Además, ya existen experiencias en el extranjero de tuneo de personajes homólogos a los Reyes Magos, con resultados dispares: a Mamá Noel (Sra. Claus) se le plantó una falda e imputó de inicio el apellido del marido, pero claro, hacer creíble lo de “mamá” implicaba una apariencia más juvenil que se lograba recortando paulatinamente la falda, hasta que el corto largo de ésta permitió la introducción de ligueros de encaje, acabando Mamá Claus como principal inspiradora de la industria del disfraz erótico; en Italia se quedaron con una coetánea de los Reyes Magos, la Befana, y se optó por incidir en el carácter mágico del personaje, pero salvaguardar su independencia llevó a representarla como bruja, lo que suponía incluir un lado más bien perverso (quita los regalos a quién no se porta bien).

El racismo asume, desgraciadamente, formas muy heterogéneas, especialmente en España, dónde se dan además variantes autóctonas, como el racismo interior

Otra alternativa es tratar de encajar la tradición en una versión estable y lo más objetiva posible del pasado que ésta evoca, en aras de mantener una neutralidad. Y es aquí donde el betún de Baltasar es más solución, si es que esto tiene arreglo, que problema. La versión más consolidada de la historia de los tres Reyes Magos viene a decir que cada uno de ellos representaba cada una de las razas que el racista Gobineau mantenía en los albores comunes de la antropología y el colonialismo del XIX, y que Claude Lévi-Strauss demuestra un siglo más tarde falsa. Obviando el histórico “agravio” al que ha sido sometido el supuestamente asiático Rey Gaspar en este sentido y centrándonos exclusivamente en Baltasar, lo único cierto es que la gente “negra” no existe, pues, entre otras cuestiones que no podemos abordar aquí, no existe un umbral que permita determinar si una persona es negra o no: sólo se puede ser “negro” o “negra” frente a una raza con ínfulas hegemónicas, como la “blanca” (que, obviamente, tampoco existe). En palabras de mi amigo, el profesor Bassidiki Coulibaly, autor de la obra recientemente publicada en español “El delito de ser «negro»”, ser “negra” o “negro” supone, simplemente, la reclusión de mil millones de personas en una cárcel identitaria; porque, en este caso, la identidad “negra” no tiene nada de liberadora, sino que funciona como un corsé impuesto por quienes tienen que construirla en torno a la esclavitud antes de poder oprimirla.

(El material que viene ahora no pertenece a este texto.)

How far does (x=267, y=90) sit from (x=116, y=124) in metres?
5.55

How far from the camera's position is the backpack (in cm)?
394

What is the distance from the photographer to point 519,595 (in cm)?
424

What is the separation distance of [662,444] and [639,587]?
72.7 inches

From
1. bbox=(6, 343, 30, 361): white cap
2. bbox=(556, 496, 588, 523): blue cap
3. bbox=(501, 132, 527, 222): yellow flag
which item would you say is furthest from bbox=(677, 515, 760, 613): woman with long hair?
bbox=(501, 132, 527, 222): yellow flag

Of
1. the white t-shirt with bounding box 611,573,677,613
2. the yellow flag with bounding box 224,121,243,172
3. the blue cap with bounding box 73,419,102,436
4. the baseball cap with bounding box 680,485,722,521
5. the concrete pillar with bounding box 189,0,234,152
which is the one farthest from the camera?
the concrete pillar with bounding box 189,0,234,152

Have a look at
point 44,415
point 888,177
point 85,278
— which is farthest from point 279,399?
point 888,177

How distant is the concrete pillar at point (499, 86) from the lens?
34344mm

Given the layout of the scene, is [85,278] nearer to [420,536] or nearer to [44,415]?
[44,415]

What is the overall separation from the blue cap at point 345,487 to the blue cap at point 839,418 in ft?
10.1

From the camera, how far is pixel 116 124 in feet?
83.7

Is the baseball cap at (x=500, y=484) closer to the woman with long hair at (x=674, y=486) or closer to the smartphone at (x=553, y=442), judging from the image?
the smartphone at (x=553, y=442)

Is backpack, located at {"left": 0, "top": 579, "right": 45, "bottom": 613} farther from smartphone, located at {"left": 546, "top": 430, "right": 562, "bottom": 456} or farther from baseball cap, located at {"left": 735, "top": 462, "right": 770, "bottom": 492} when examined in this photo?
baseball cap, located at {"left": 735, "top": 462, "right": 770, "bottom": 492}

¿Significa eso que no existe racismo contra las personas “negras”? Por supuesto que no, este tipo de racismo consiste, como se ha dicho, en la proyección de una supuesta raza negra por una supuesta raza opuesta presentada o afirmada como hegemónica. Pero es que, en el caso que nos ocupa, racista es de por sí la mera representación de los tres Reyes Magos, recayendo eso sí el racismo de esa representación sobre Baltasar (porque no conozco a nadie que identifique a Gaspar con alguien de China, Vietnam o Pakistán, mucho menos de toda Asia en su conjunto). Sin embargo, eso también significa que el racismo asume, desgraciadamente, formas muy heterogéneas, especialmente en España, dónde se dan además variantes autóctonas, como el racismo interior (Es sólo un ejemplo de tantos: ¿Recuerdan a la valenciana Ana Duato arrancándose en andaluz en los primeros capítulos de Cuéntame? Pues no tenía mayor intención que la de degradar al personaje al estrato social más bajo de entre los disponibles, racismo de manual que ningún medio de izquierdas consultado ha percibido ahora que se hacen eco del final de la serie).

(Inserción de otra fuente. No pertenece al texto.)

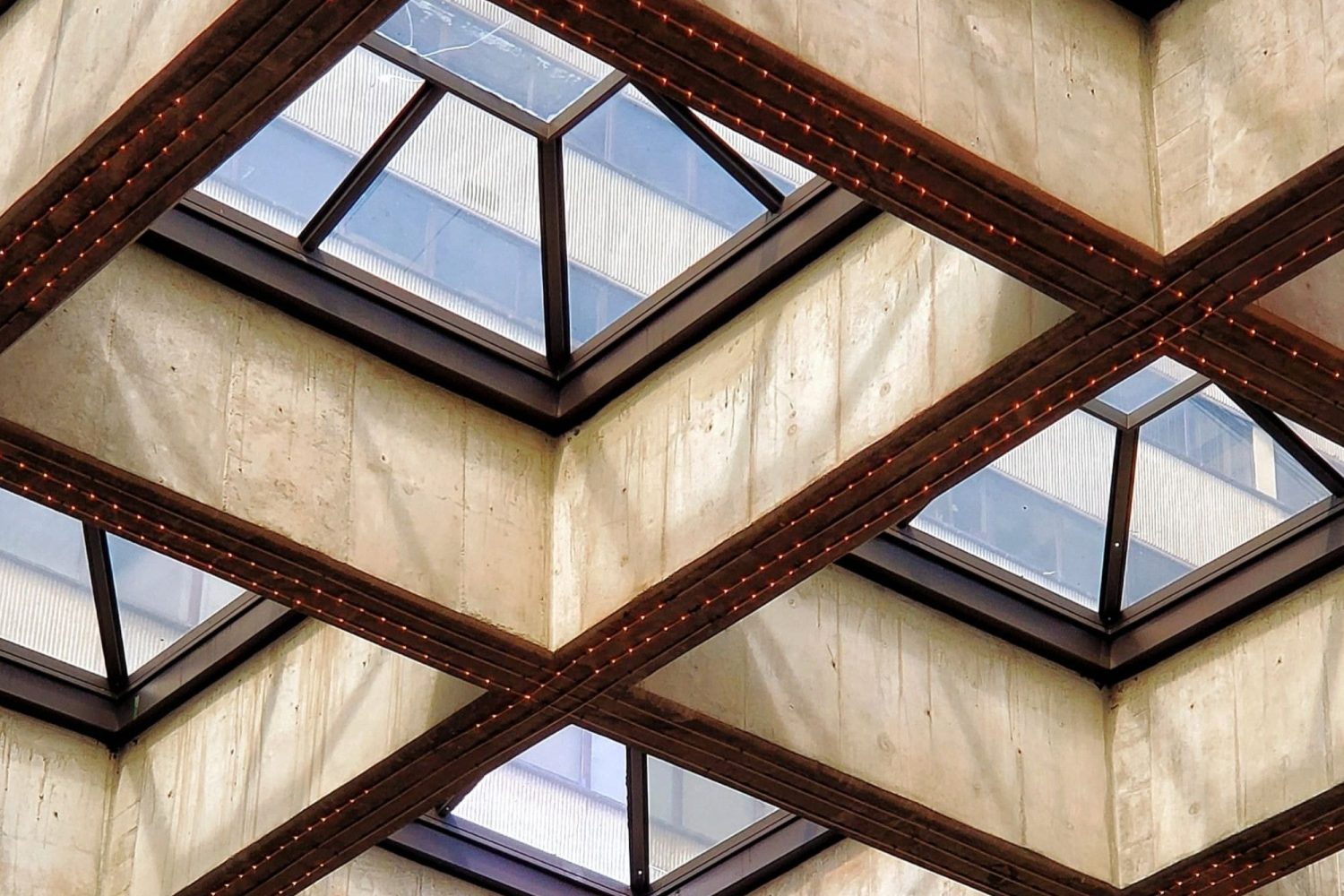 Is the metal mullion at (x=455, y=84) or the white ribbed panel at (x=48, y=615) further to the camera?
the white ribbed panel at (x=48, y=615)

La solución no es sencilla, a menos que se pretenda abolir la festividad de los Reyes Magos, lo cual no considero en absoluto deseable. Pero, a falta de soluciones, bien vale priorizar urgencias: y para mí la primera, tras atender las demandas de colectivos que declaren sentirse agraviados, es la inclusión de las mujeres como reinas independientes de un Reino Mágico (que se desplace hasta nuestro país como puede hacerlo el Circo del Sol), en el inicio de un nuevo peregrinar que nos aleje, excepcionalmente, de todo rigor histórico.